#### The records ####
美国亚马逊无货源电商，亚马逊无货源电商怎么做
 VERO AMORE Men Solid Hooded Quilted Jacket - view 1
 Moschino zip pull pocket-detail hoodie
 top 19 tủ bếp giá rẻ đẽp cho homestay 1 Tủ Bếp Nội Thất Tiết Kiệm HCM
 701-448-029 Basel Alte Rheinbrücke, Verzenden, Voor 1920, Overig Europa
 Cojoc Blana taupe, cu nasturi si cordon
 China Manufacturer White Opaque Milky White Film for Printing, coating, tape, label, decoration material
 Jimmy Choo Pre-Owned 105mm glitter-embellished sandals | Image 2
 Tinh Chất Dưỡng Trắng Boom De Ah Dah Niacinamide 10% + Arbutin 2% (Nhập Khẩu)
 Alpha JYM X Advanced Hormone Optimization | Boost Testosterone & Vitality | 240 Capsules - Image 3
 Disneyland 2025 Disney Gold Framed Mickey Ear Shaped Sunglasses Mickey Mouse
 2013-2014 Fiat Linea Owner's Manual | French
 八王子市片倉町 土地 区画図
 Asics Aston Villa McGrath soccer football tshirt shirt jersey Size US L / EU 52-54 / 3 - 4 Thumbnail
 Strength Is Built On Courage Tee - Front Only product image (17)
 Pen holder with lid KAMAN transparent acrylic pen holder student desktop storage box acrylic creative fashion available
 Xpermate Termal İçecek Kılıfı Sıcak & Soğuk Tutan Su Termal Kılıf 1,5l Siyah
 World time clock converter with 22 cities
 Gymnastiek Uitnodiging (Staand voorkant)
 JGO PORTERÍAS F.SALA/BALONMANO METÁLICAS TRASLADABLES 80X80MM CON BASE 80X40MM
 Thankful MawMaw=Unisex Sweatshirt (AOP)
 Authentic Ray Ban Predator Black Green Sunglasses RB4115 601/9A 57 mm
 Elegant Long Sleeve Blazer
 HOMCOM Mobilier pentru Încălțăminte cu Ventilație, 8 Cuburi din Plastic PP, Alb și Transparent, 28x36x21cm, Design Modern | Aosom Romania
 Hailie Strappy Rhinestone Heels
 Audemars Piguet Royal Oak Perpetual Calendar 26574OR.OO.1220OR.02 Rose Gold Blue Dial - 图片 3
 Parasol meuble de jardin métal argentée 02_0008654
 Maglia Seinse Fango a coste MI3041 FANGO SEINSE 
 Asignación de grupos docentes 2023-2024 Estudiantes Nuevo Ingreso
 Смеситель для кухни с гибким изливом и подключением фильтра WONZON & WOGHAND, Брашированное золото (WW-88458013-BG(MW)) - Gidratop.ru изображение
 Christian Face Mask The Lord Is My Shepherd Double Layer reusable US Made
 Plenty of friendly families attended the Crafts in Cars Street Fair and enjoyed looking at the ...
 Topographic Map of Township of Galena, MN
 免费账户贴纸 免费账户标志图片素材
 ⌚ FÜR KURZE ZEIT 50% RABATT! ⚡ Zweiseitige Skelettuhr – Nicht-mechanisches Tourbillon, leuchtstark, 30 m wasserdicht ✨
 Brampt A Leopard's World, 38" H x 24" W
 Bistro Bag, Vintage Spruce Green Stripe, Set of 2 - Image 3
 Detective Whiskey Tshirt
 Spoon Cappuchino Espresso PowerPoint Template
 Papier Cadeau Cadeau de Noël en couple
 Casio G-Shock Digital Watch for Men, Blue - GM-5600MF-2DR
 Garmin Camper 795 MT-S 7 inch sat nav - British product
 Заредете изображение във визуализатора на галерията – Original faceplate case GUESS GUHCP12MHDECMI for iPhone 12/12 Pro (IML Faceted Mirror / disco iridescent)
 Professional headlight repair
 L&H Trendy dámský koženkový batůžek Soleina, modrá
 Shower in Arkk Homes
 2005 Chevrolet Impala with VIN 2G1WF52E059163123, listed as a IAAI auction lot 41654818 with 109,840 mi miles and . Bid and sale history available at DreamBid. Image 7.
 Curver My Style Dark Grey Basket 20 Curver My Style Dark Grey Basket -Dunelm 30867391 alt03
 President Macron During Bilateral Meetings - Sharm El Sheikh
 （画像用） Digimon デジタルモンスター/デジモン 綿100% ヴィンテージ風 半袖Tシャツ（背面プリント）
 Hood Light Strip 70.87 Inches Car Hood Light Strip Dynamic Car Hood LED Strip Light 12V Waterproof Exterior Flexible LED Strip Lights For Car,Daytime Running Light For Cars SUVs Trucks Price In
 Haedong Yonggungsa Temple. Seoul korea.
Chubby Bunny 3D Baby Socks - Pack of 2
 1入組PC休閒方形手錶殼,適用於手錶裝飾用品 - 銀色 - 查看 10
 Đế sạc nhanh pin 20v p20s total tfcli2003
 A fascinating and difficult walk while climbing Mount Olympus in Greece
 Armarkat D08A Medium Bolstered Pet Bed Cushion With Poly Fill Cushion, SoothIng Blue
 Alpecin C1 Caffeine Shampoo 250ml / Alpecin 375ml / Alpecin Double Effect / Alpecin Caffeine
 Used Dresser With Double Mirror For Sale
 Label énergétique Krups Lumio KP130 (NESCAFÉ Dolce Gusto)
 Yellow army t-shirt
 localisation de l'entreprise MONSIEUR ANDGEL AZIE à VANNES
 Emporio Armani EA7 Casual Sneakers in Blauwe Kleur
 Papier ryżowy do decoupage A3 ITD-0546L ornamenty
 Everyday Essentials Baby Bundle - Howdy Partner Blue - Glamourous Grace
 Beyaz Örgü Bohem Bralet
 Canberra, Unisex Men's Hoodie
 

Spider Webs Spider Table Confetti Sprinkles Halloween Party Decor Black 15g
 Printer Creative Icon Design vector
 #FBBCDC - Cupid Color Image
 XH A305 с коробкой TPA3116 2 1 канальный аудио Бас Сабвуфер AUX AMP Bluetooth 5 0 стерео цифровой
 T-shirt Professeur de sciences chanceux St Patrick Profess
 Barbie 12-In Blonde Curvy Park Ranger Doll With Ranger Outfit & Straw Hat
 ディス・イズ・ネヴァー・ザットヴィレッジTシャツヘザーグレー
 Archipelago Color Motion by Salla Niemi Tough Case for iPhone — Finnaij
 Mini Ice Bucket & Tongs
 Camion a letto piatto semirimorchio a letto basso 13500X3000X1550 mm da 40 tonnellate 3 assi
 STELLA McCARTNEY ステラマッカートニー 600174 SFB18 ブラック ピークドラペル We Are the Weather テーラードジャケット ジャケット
####
Whatever the entries above contain, reproduce all of them exactly.

■ **Task answer**:
美国亚马逊无货源电商，亚马逊无货源电商怎么做
 VERO AMORE Men Solid Hooded Quilted Jacket - view 1
 Moschino zip pull pocket-detail hoodie
 top 19 tủ bếp giá rẻ đẽp cho homestay 1 Tủ Bếp Nội Thất Tiết Kiệm HCM
 701-448-029 Basel Alte Rheinbrücke, Verzenden, Voor 1920, Overig Europa
 Cojoc Blana taupe, cu nasturi si cordon
 China Manufacturer White Opaque Milky White Film for Printing, coating, tape, label, decoration material
 Jimmy Choo Pre-Owned 105mm glitter-embellished sandals | Image 2
 Tinh Chất Dưỡng Trắng Boom De Ah Dah Niacinamide 10% + Arbutin 2% (Nhập Khẩu)
 Alpha JYM X Advanced Hormone Optimization | Boost Testosterone & Vitality | 240 Capsules - Image 3
 Disneyland 2025 Disney Gold Framed Mickey Ear Shaped Sunglasses Mickey Mouse
 2013-2014 Fiat Linea Owner's Manual | French
 八王子市片倉町 土地 区画図
 Asics Aston Villa McGrath soccer football tshirt shirt jersey Size US L / EU 52-54 / 3 - 4 Thumbnail
 Strength Is Built On Courage Tee - Front Only product image (17)
 Pen holder with lid KAMAN transparent acrylic pen holder student desktop storage box acrylic creative fashion available
 Xpermate Termal İçecek Kılıfı Sıcak & Soğuk Tutan Su Termal Kılıf 1,5l Siyah
 World time clock converter with 22 cities
 Gymnastiek Uitnodiging (Staand voorkant)
 JGO PORTERÍAS F.SALA/BALONMANO METÁLICAS TRASLADABLES 80X80MM CON BASE 80X40MM
 Thankful MawMaw=Unisex Sweatshirt (AOP)
 Authentic Ray Ban Predator Black Green Sunglasses RB4115 601/9A 57 mm
 Elegant Long Sleeve Blazer
 HOMCOM Mobilier pentru Încălțăminte cu Ventilație, 8 Cuburi din Plastic PP, Alb și Transparent, 28x36x21cm, Design Modern | Aosom Romania
 Hailie Strappy Rhinestone Heels
 Audemars Piguet Royal Oak Perpetual Calendar 26574OR.OO.1220OR.02 Rose Gold Blue Dial - 图片 3
 Parasol meuble de jardin métal argentée 02_0008654
 Maglia Seinse Fango a coste MI3041 FANGO SEINSE 
 Asignación de grupos docentes 2023-2024 Estudiantes Nuevo Ingreso
 Смеситель для кухни с гибким изливом и подключением фильтра WONZON & WOGHAND, Брашированное золото (WW-88458013-BG(MW)) - Gidratop.ru изображение
 Christian Face Mask The Lord Is My Shepherd Double Layer reusable US Made
 Plenty of friendly families attended the Crafts in Cars Street Fair and enjoyed looking at the ...
 Topographic Map of Township of Galena, MN
 免费账户贴纸 免费账户标志图片素材
 ⌚ FÜR KURZE ZEIT 50% RABATT! ⚡ Zweiseitige Skelettuhr – Nicht-mechanisches Tourbillon, leuchtstark, 30 m wasserdicht ✨
 Brampt A Leopard's World, 38" H x 24" W
 Bistro Bag, Vintage Spruce Green Stripe, Set of 2 - Image 3
 Detective Whiskey Tshirt
 Spoon Cappuchino Espresso PowerPoint Template
 Papier Cadeau Cadeau de Noël en couple
 Casio G-Shock Digital Watch for Men, Blue - GM-5600MF-2DR
 Garmin Camper 795 MT-S 7 inch sat nav - British product
 Заредете изображение във визуализатора на галерията – Original faceplate case GUESS GUHCP12MHDECMI for iPhone 12/12 Pro (IML Faceted Mirror / disco iridescent)
 Professional headlight repair
 L&H Trendy dámský koženkový batůžek Soleina, modrá
 Shower in Arkk Homes
 2005 Chevrolet Impala with VIN 2G1WF52E059163123, listed as a IAAI auction lot 41654818 with 109,840 mi miles and . Bid and sale history available at DreamBid. Image 7.
 Curver My Style Dark Grey Basket 20 Curver My Style Dark Grey Basket -Dunelm 30867391 alt03
 President Macron During Bilateral Meetings - Sharm El Sheikh
 （画像用） Digimon デジタルモンスター/デジモン 綿100% ヴィンテージ風 半袖Tシャツ（背面プリント）
 Hood Light Strip 70.87 Inches Car Hood Light Strip Dynamic Car Hood LED Strip Light 12V Waterproof Exterior Flexible LED Strip Lights For Car,Daytime Running Light For Cars SUVs Trucks Price In
 Haedong Yonggungsa Temple. Seoul korea.
Chubby Bunny 3D Baby Socks - Pack of 2
 1入組PC休閒方形手錶殼,適用於手錶裝飾用品 - 銀色 - 查看 10
 Đế sạc nhanh pin 20v p20s total tfcli2003
 A fascinating and difficult walk while climbing Mount Olympus in Greece
 Armarkat D08A Medium Bolstered Pet Bed Cushion With Poly Fill Cushion, SoothIng Blue
 Alpecin C1 Caffeine Shampoo 250ml / Alpecin 375ml / Alpecin Double Effect / Alpecin Caffeine
 Used Dresser With Double Mirror For Sale
 Label énergétique Krups Lumio KP130 (NESCAFÉ Dolce Gusto)
 Yellow army t-shirt
 localisation de l'entreprise MONSIEUR ANDGEL AZIE à VANNES
 Emporio Armani EA7 Casual Sneakers in Blauwe Kleur
 Papier ryżowy do decoupage A3 ITD-0546L ornamenty
 Everyday Essentials Baby Bundle - Howdy Partner Blue - Glamourous Grace
 Beyaz Örgü Bohem Bralet
 Canberra, Unisex Men's Hoodie
 

Spider Webs Spider Table Confetti Sprinkles Halloween Party Decor Black 15g
 Printer Creative Icon Design vector
 #FBBCDC - Cupid Color Image
 XH A305 с коробкой TPA3116 2 1 канальный аудио Бас Сабвуфер AUX AMP Bluetooth 5 0 стерео цифровой
 T-shirt Professeur de sciences chanceux St Patrick Profess
 Barbie 12-In Blonde Curvy Park Ranger Doll With Ranger Outfit & Straw Hat
 ディス・イズ・ネヴァー・ザットヴィレッジTシャツヘザーグレー
 Archipelago Color Motion by Salla Niemi Tough Case for iPhone — Finnaij
 Mini Ice Bucket & Tongs
 Camion a letto piatto semirimorchio a letto basso 13500X3000X1550 mm da 40 tonnellate 3 assi
 STELLA McCARTNEY ステラマッカートニー 600174 SFB18 ブラック ピークドラペル We Are the Weather テーラードジャケット ジャケット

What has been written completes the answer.